Re: RM and abstract syntax trees

From: Marshall <>
Date: Thu, 01 Nov 2007 16:53:25 -0000
Message-ID: <>

On Nov 1, 8:04 am, paul c <> wrote:
> David BL wrote:
> > In the following I compare different techniques for representing an
> > Abstract Syntax Tree (AST), concluding that RM is poorly suited.
> > ...
> I could just as well say that your choice of application is poorly suited.
> From Wikepedia:
> "In computing, it is used in a parser as an intermediate between a parse
> tree and a data structure"
> To me, trying this is reminiscent of EAV attempts, ie., using the RM to
> give an "intermediate" implementation. Apart from "jobs for the boys",
> why would one want to? Surely the application here is the manipulation
> of the parse tree, not the AST.

Well, I'd have to disagree. Syntax is largely to help the human. Once your compiler reads in the program text, it will really "prefer" (if I may anthropomorphize a bit) to work on the minimal data structure it can; this is the AST.
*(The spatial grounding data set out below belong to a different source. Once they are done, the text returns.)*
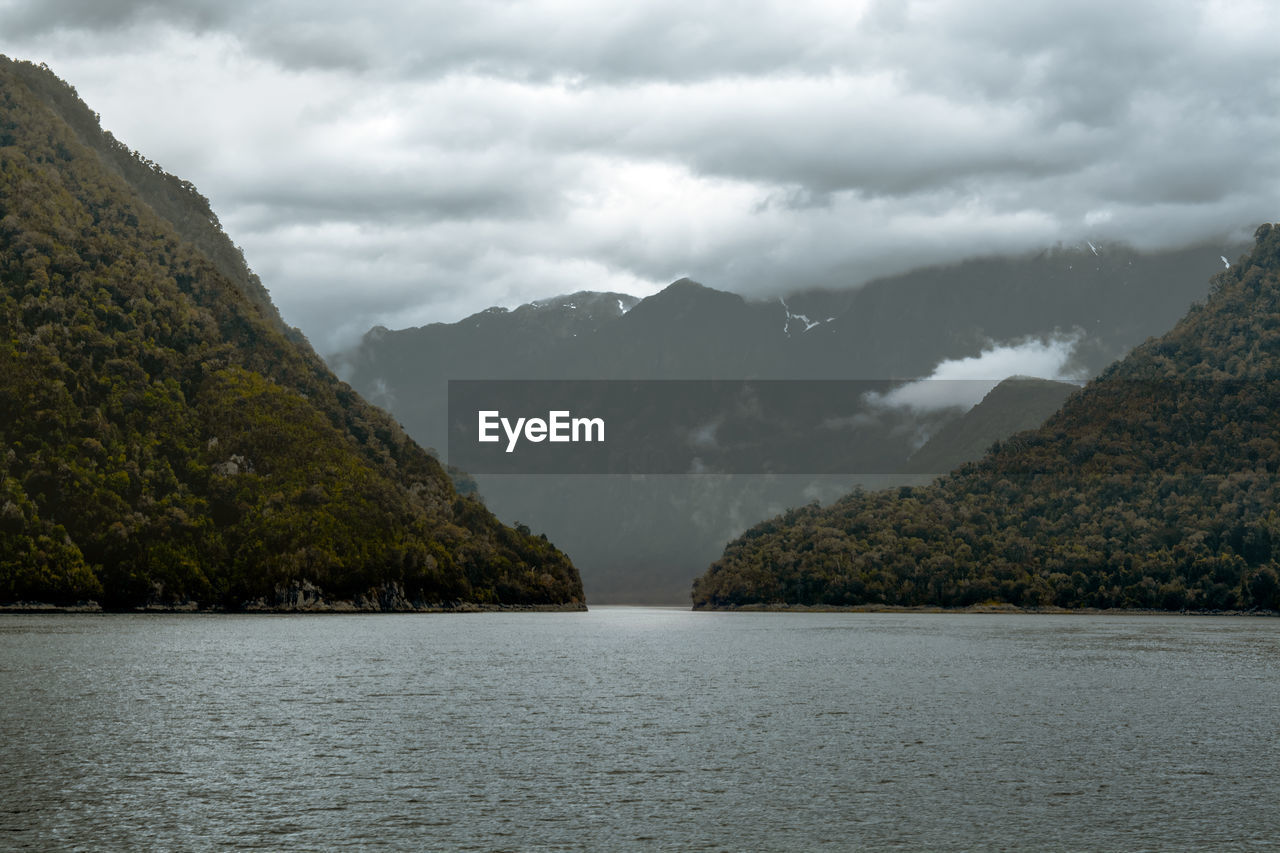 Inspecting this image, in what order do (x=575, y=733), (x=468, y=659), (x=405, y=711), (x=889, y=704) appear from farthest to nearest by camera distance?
(x=468, y=659)
(x=889, y=704)
(x=405, y=711)
(x=575, y=733)

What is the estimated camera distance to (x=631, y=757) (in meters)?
58.2

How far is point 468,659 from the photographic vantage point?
133 metres

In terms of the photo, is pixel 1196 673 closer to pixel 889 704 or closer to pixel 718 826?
pixel 889 704

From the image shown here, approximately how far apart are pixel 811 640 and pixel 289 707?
11918 centimetres

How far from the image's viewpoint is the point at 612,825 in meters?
41.9

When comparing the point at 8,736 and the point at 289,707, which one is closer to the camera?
the point at 8,736

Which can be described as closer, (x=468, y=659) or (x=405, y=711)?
(x=405, y=711)

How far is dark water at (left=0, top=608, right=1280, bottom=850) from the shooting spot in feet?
134

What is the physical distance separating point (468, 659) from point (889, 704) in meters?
61.8

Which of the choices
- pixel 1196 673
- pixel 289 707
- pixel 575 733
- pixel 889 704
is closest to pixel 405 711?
pixel 289 707

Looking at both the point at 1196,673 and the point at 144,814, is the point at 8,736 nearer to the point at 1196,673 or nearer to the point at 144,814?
the point at 144,814

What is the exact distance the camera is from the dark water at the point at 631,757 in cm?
4081

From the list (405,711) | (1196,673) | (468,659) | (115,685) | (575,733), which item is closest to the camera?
(575,733)

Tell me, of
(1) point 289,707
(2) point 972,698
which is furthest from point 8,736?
(2) point 972,698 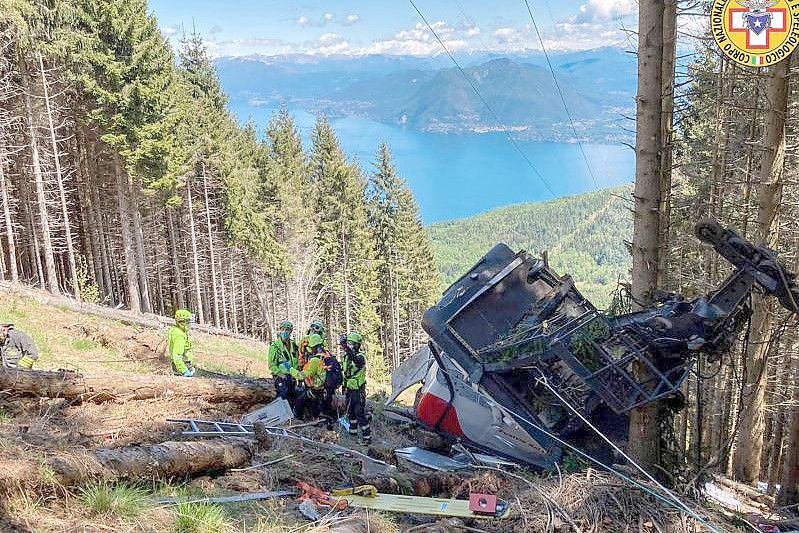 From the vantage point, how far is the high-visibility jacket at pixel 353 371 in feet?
28.9

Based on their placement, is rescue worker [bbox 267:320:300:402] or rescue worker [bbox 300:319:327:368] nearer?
rescue worker [bbox 300:319:327:368]

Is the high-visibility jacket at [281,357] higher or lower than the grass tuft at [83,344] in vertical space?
higher

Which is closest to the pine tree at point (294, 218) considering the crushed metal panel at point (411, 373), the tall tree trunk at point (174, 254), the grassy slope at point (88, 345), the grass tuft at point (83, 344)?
the tall tree trunk at point (174, 254)

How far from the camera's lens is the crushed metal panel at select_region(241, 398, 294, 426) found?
8.38 meters

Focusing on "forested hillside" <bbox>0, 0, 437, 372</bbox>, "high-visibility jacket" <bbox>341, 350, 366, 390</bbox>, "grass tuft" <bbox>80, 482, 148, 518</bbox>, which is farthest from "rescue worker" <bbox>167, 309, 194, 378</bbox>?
"forested hillside" <bbox>0, 0, 437, 372</bbox>

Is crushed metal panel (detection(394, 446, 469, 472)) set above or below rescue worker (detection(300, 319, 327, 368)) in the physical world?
below

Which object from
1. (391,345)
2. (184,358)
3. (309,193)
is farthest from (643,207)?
(391,345)

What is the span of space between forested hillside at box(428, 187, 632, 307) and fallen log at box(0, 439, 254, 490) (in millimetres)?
100353

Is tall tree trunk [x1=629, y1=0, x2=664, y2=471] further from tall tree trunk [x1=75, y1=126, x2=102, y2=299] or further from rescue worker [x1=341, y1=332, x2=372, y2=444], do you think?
tall tree trunk [x1=75, y1=126, x2=102, y2=299]

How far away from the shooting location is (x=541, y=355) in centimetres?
661

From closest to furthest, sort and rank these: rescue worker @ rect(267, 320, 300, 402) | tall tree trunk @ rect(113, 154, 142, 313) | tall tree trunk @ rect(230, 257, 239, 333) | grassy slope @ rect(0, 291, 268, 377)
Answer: rescue worker @ rect(267, 320, 300, 402)
grassy slope @ rect(0, 291, 268, 377)
tall tree trunk @ rect(113, 154, 142, 313)
tall tree trunk @ rect(230, 257, 239, 333)

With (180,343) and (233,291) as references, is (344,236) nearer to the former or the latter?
(233,291)

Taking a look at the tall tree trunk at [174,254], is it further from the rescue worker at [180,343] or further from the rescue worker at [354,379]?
the rescue worker at [354,379]

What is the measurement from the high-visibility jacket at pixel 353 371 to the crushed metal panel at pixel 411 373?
87 cm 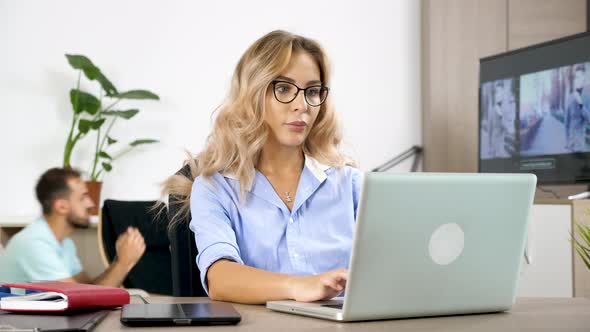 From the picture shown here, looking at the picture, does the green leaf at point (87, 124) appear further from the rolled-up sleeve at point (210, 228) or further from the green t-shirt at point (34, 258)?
the rolled-up sleeve at point (210, 228)

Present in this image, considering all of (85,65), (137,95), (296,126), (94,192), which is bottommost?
(94,192)

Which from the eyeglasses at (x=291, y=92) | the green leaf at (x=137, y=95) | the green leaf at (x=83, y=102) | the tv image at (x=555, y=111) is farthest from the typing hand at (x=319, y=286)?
the green leaf at (x=83, y=102)

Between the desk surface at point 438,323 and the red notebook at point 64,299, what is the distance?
35 millimetres

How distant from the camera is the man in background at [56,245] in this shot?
3.06 m

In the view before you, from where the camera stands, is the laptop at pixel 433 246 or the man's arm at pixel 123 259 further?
the man's arm at pixel 123 259

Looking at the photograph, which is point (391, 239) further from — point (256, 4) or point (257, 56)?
point (256, 4)

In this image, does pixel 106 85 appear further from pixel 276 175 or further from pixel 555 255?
pixel 276 175

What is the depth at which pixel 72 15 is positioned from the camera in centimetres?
508

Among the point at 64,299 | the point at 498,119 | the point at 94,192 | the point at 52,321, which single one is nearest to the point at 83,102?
the point at 94,192

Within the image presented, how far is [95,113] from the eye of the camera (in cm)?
485

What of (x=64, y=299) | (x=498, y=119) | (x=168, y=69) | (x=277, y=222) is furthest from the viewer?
(x=168, y=69)

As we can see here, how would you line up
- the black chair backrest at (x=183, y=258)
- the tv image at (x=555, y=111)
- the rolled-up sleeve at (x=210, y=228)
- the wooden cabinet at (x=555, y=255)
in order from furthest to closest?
the tv image at (x=555, y=111) < the wooden cabinet at (x=555, y=255) < the black chair backrest at (x=183, y=258) < the rolled-up sleeve at (x=210, y=228)

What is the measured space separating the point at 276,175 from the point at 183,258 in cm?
33

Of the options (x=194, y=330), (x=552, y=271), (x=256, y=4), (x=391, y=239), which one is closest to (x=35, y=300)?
(x=194, y=330)
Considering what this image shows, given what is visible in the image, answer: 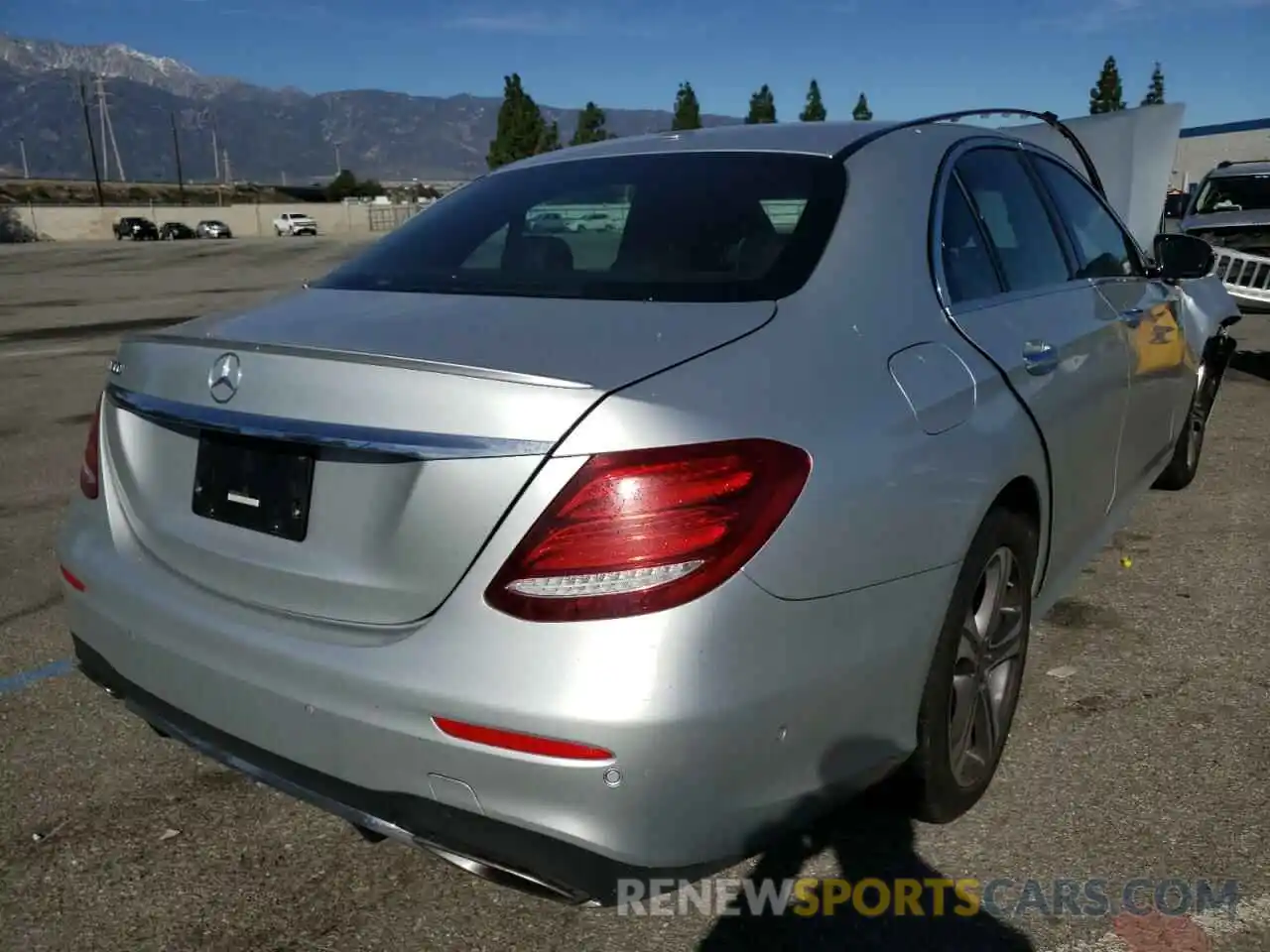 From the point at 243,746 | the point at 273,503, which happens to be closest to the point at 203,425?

The are applications where one wants to manipulate the parse tree directly, such as when making source-to-source transformations. Like when your IDE has the ability to rename a variable.

But much of what a compiler does, in analysis and optimization and code generation, is done against the AST.

My long term hypothesis is that there actually exists an idiom to work with ASTs in the RM that is about as good as any other way, but we just haven't identified it yet. I have this problem on my queue of problems that I wish to look in to in detail. Whether I'll ever get there is an open question.